(PROVIDED MATERIAL)
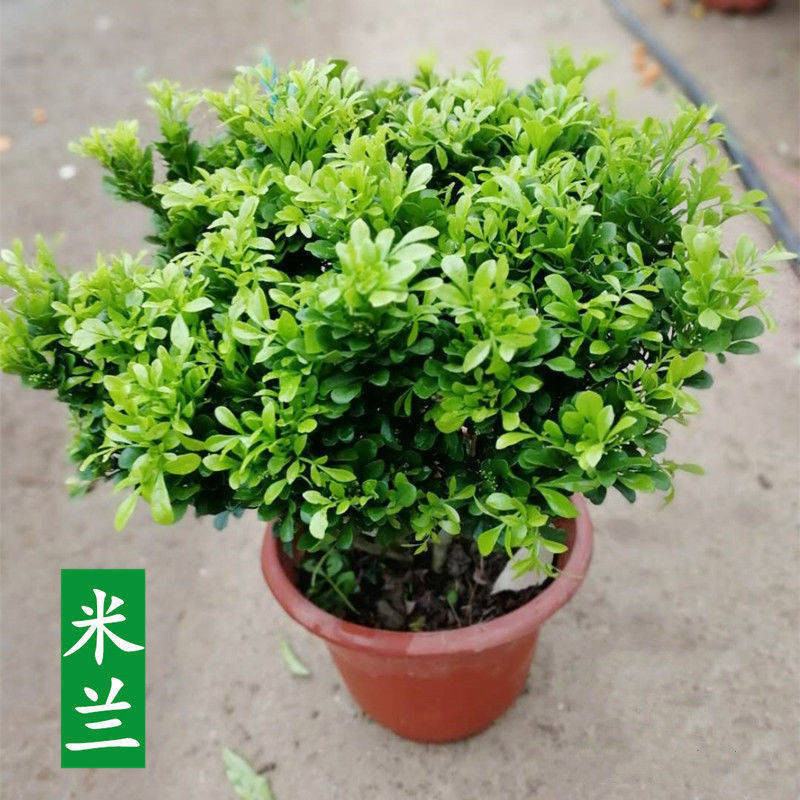 四季开花米兰花盆栽苗绿植四季常青芳香浓郁植物室内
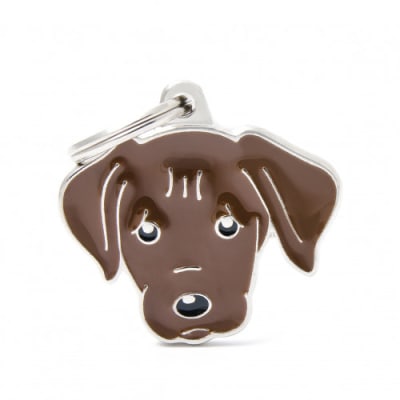 CHOCOLATE LABRADOR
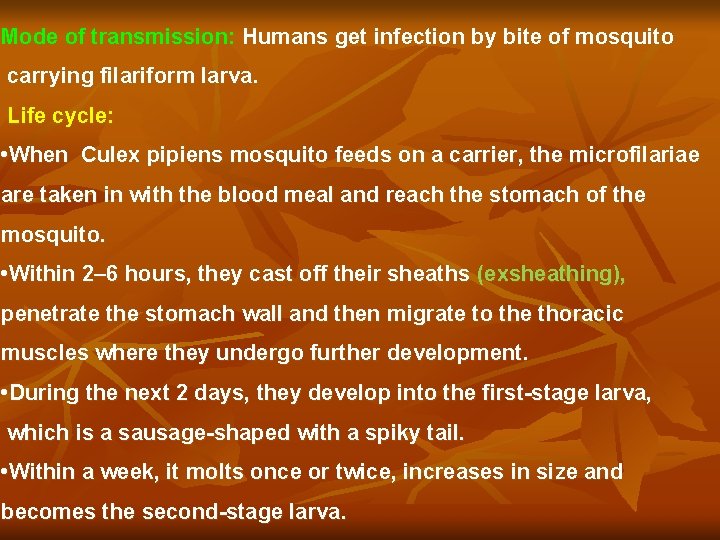 Mode of transmission: Humans get infection by bite of mosquito carrying filariform larva. Life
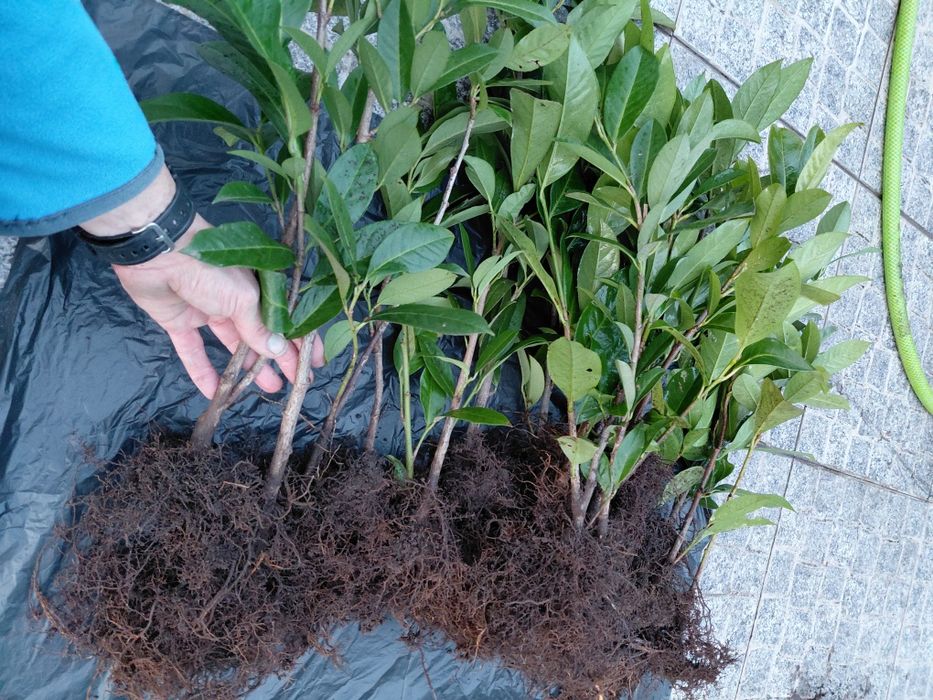 Louro cerejo ( lauros) para fazer sebes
(End PROVIDED MATERIAL)
### WHAT NEEDS TO BE DONE
Write out all the data exactly, minus pictures.

### REPLY TO THE TASK
 四季开花米兰花盆栽苗绿植四季常青芳香浓郁植物室内
 CHOCOLATE LABRADOR
 Mode of transmission: Humans get infection by bite of mosquito carrying filariform larva. Life
 Louro cerejo ( lauros) para fazer sebes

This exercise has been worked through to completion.